You can overnight in hotels at nearby Chinle, but for a more peaceful and authentic milieu, consider staying in a Navajo hogan or earthen home. Locals rent these traditional dwellings through home rental sites. You can find some near Chinle or Monument Valley—another quiet, stunning landscape about an hour and a half away from Canyon de Chelly.

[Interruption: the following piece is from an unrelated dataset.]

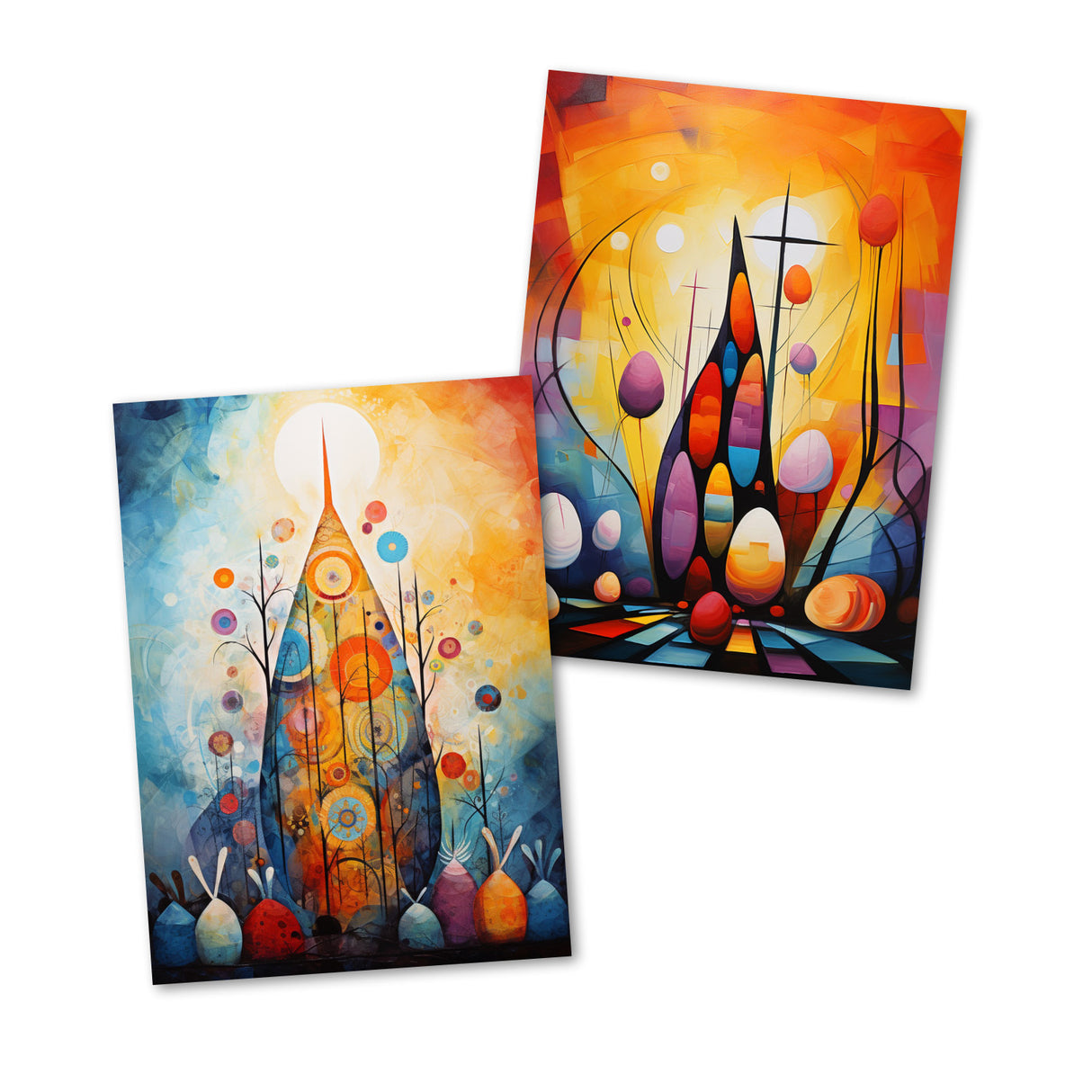 Oster Grußkarten Set V2 (10 Karten) | Kunstvolle Oster Karten | Geschenk | Karte mit Grußbotschaft | Postkarte oder Klappkarte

The treehouse casita at Aravaipa Farms in Winkelman, Arizona.
The treehouse casita at Aravaipa Farms in Winkelman, Arizona.
Foskett Creative

Aravaipa Canyon Wilderness

Only 50 people per day are allowed in this 19,410-acre wilderness—20 from the remote East Trailhead and 30 from the West Trailhead, which is more accessible for travelers coming from Phoenix or Tucson. With so few people, the primary sound you’ll hear is the splash of your feet in Aravaipa Creek. In this trail-free landscape, the waterway is the path much of the time. For that reason, you should bring waders, gaiters, and/or shoes you don’t mind soaking, plus hiking poles to keep you steady in slippery spots. The reward is childlike water play and a feeling of freedom as you saunter among the sycamores and cottonwoods, then explore side canyons and caves carved out of the sienna cliffs. If you’re lucky, you’ll spot desert bighorn sheep, javelina, deer, and some of the 200-plus species of birds that frolic throughout this riparian ecosystem.

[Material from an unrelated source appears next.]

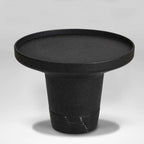 Modern Small Black Round Coffee Table with Marble Base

Though there are no designated campsites, you can backpack and wild camp in the canyon (book a required permit for day trips or overnight stays in Aravaipa Canyon in advance). Alternatively, stay in a cushy, colorful casita or Airstream at Aravaipa Farms Orchard & Inn.

Chiricahua National Monument 

In this remote southeastern corner of Arizona, golden hoodoos freckled with chartreuse lichen stand like a gathering of sun-worshipers on the mountain slopes. Fortunately, funky rock formations are the only things crowding this wanderer’s wonderland. You’re unlikely to encounter many people even on the popular 3.3-mile Echo Canyon Loop Trail or the 7.3-mile Heart of Rocks Trail that meanders among the totem-like stone towers. But if it’s solitude you seek, the 4.8-mile Natural Bridge Trail, which winds through woodlands spiced with juniper and pine, is billed as the monument’s “least used trail.”

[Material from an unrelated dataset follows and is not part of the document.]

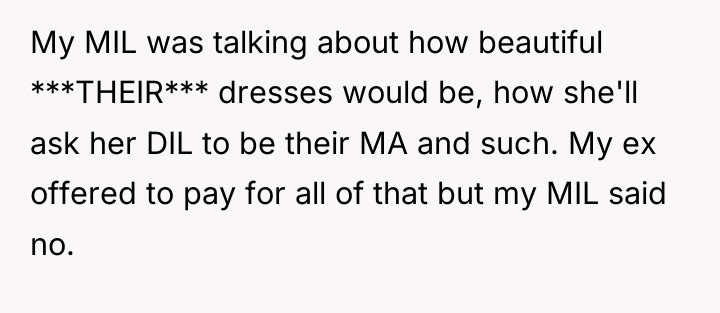 My MIL was talking about how beautiful ***THEIR*** dresses would...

You can camp in a shady oak and pine grove at Bonita Canyon campground, which offers running water and restrooms. Alternatively, bed down at The Huts at Rhumb Line Vineyard & Lavender Farm, where you can kick back with a glass of red or white from one of Willcox’s wineries, gaze at the Dos Cabezas Mountains, and breathe the aromatherapeutic air.

A woman sits on a red rock on a hike in Sedona, Arizona.
Find solitude on the trails outside of Sedona, Arizona.

Do a meditation retreat

Arizona is home to several sites where you can slow down your brain waves and say “om,” from luxury silent retreats in Sedona to more modest mountainside getaways. On a three-day self-guided retreat at Diamond Mountain Retreat Center near Bowie, your daily schedule is filled with activities. But don’t worry: Your tasks consist of things like “sit with the sunset,” “hug your cat,” “gratitude meditation,” “dance in your room,” and—oh, sweet bliss!—“nap.” Founded by Buddhists but open to anyone, including newbie meditators, the center offers educational videos and other resources to support your meditation journey. You’ll stay in your own house with a kitchen and dedicated meditation space and enjoy vast mountain views; prices start at $300 for five nights or less, self-catered.

Alternatively, Dharma Treasure in the Dragoon Mountains supports solo meditation retreats for meditators from any tradition, or no tradition. You’ll meet with a trained Buddhist meditation teacher early in your stay to personalize your schedule, which may include walking meditations, exercise, meal preparation, and personal time. Prices start at $65 per night for glamping or $150 for an apartment or hut; solo retreats must be a minimum of three nights.